● RAW DATA:
<<<<

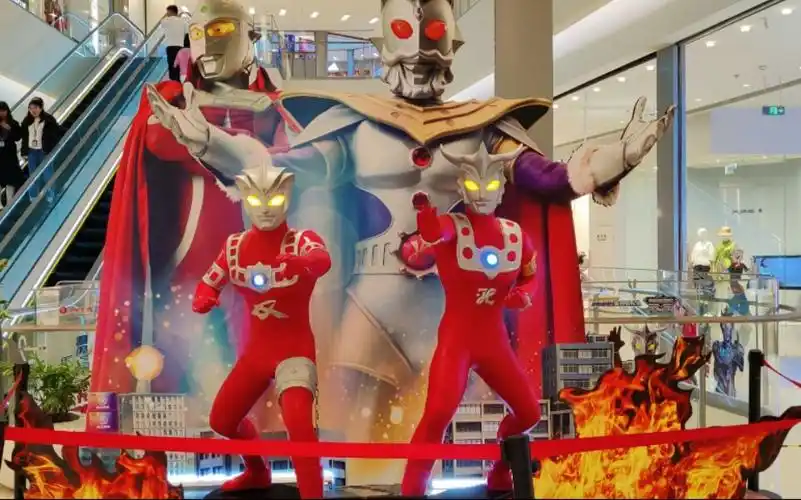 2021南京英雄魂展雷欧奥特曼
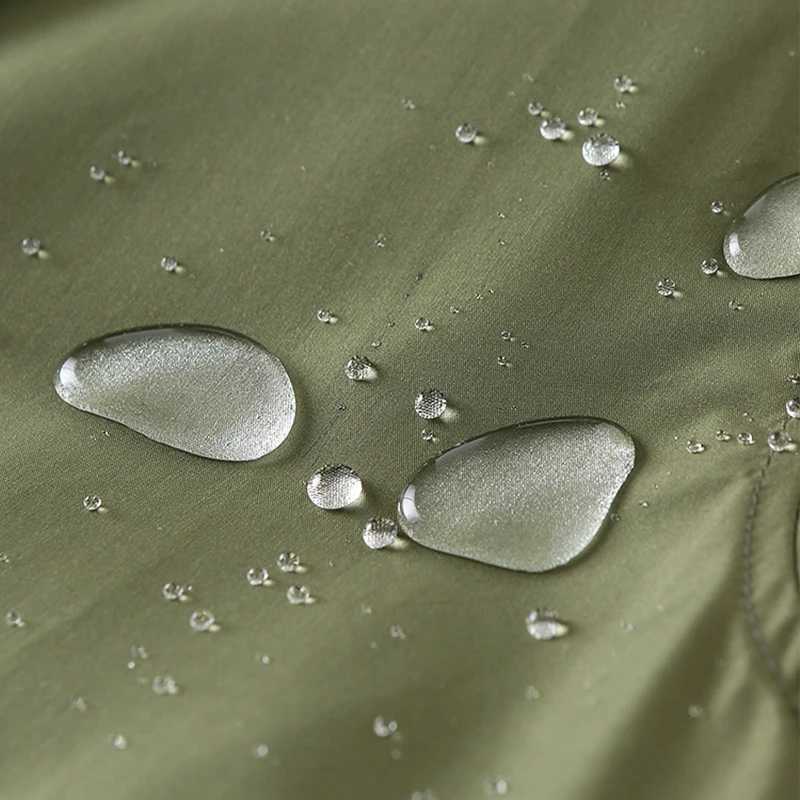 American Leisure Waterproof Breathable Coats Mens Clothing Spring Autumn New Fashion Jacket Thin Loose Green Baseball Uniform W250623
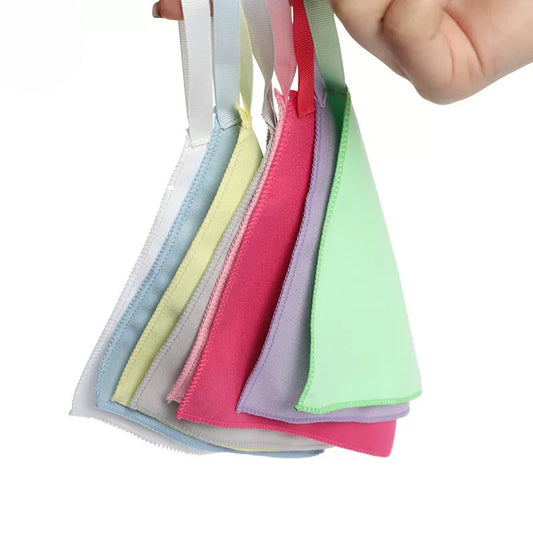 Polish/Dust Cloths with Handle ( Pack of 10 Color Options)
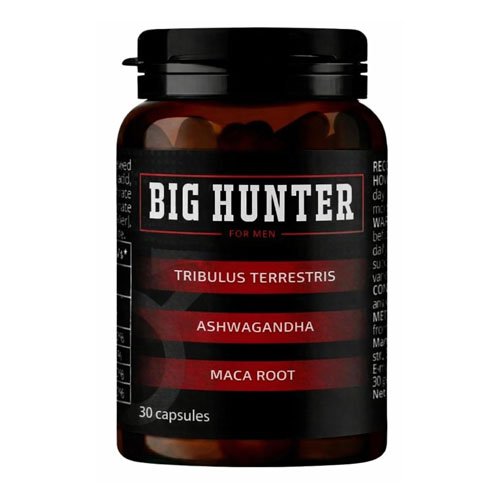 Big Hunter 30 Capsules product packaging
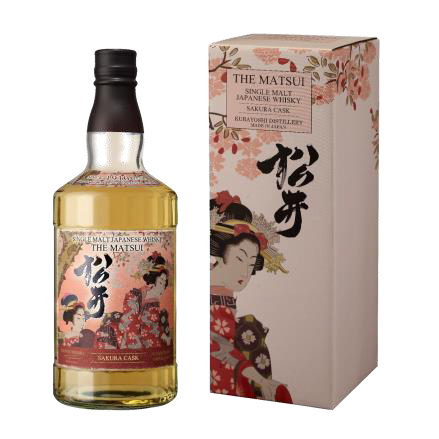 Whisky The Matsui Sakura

>>>>
<<<<

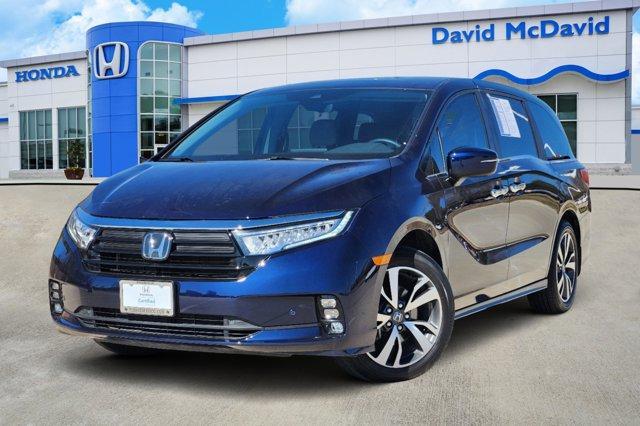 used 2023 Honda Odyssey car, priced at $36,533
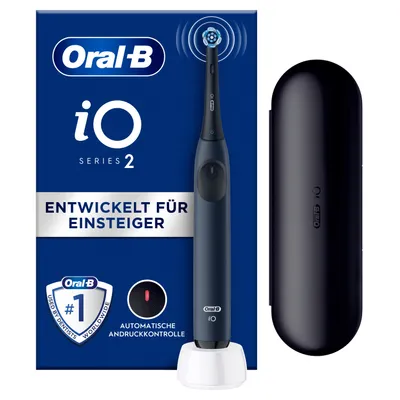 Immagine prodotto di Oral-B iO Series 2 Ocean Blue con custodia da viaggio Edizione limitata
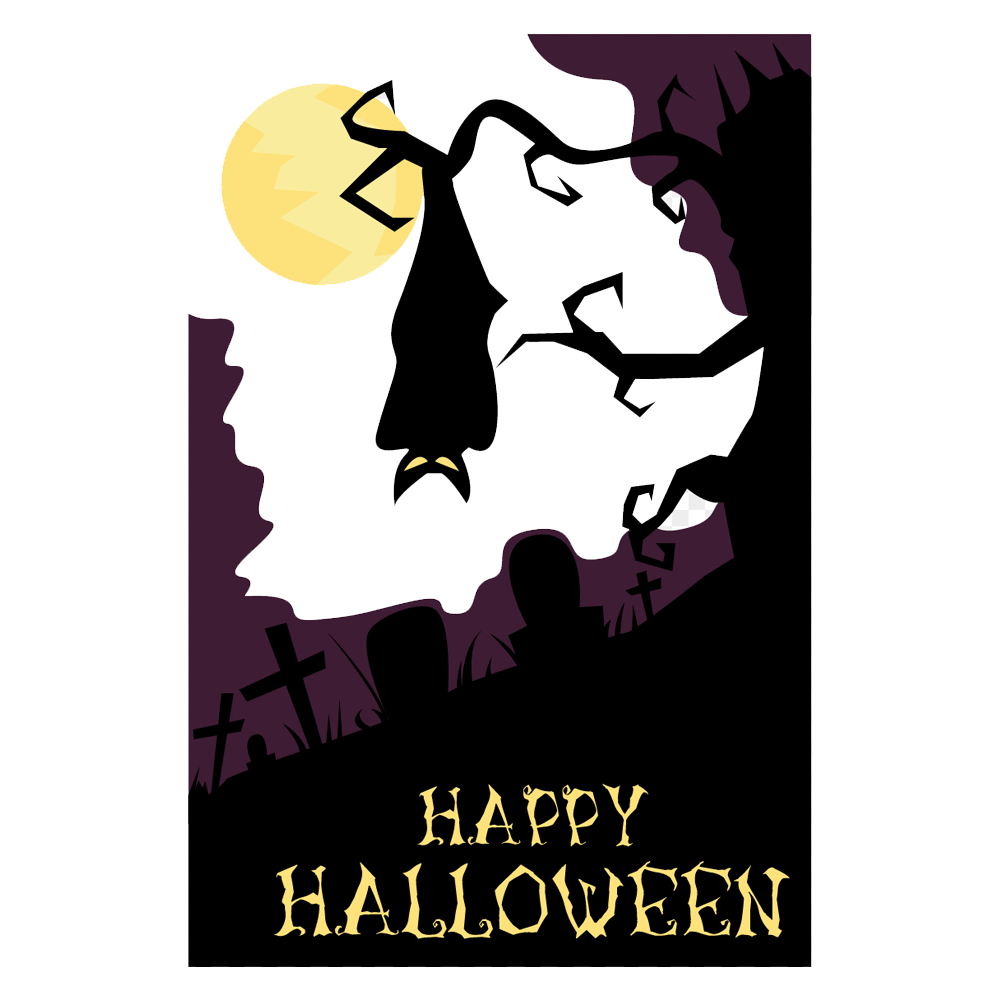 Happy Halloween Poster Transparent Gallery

>>>>

● ABOUT THIS TASK: No picture is to be printed. Output exactly the lines above from the line containing "Polish/Dust Cloths with" through the line containing "Whisky The Matsui Sakura".

● RESPONSE FOR THIS EXERCISE:
 Polish/Dust Cloths with Handle ( Pack of 10 Color Options)
 Big Hunter 30 Capsules product packaging
 Whisky The Matsui Sakura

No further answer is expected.